What To Do When A Mistake Is Found In Your Credit Report
If you have found any types of mistakes in your credit bureau reports, you must take the following steps:
- Notify in writing using the correct credit bureau dispute forms that an error has been found, and you wish to have it investigated. You will send this to each of the credit bureaus where the error is listed.
- Provide any proof that you have that this information is incorrect.
- Send this information by traceable means to each credit bureau that has mistakes. Make sure that you are sending copies and not originals of any supporting evidence.
- Wait for the reply from the credit bureau. By law, they have 30 days to investigate plus mailing time.
Under the guidelines of the Credit Protection Act, you also have the right to contact the company that is inaccurately reporting the information and request that they make the changes to your credit reports. However, these agencies do not have the same deadlines to follow as the credit bureaus, and this may take a significantly longer time to correct the mistakes.
Make Sure Your Dispute Is Valid
It is very important that you only dispute valid errors on your credit report that you can prove are wrong. If the credit bureau finds that the disputes you are filing are frivolous, they can decline to investigate your requests.
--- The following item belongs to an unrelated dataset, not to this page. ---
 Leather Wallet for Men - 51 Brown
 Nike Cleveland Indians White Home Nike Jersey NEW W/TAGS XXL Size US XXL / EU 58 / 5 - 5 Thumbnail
Additionally, opening up a dispute directly with a collection agency may bring about aggressive collection activity if they feel that you are trying to get out of paying your debt.
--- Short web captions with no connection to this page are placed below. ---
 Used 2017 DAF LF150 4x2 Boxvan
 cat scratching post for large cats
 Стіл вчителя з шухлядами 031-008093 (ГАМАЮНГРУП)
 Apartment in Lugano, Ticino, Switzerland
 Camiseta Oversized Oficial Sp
Keeping your disputes to actual errors will make the process run smoother and will be most beneficial to you in the long run.
Once the errors have been investigated, the credit bureau will notify you in writing of their finding and send you an updated copy of your credit bureau report with any changes that they have made.
You can request that the bureau notify anyone who has pulled your credit bureau report in the last six months of these changes.
If the investigation still does not result in a correction, you can appeal directly to the Consumer Credit Protection Bureau. You must submit all of the information to prove your claim and the information provided by the credit bureau. The CCPB will notify the credit reporting agencies of your dispute, and they will have 15 days to respond. At that point, your corrections should be complete.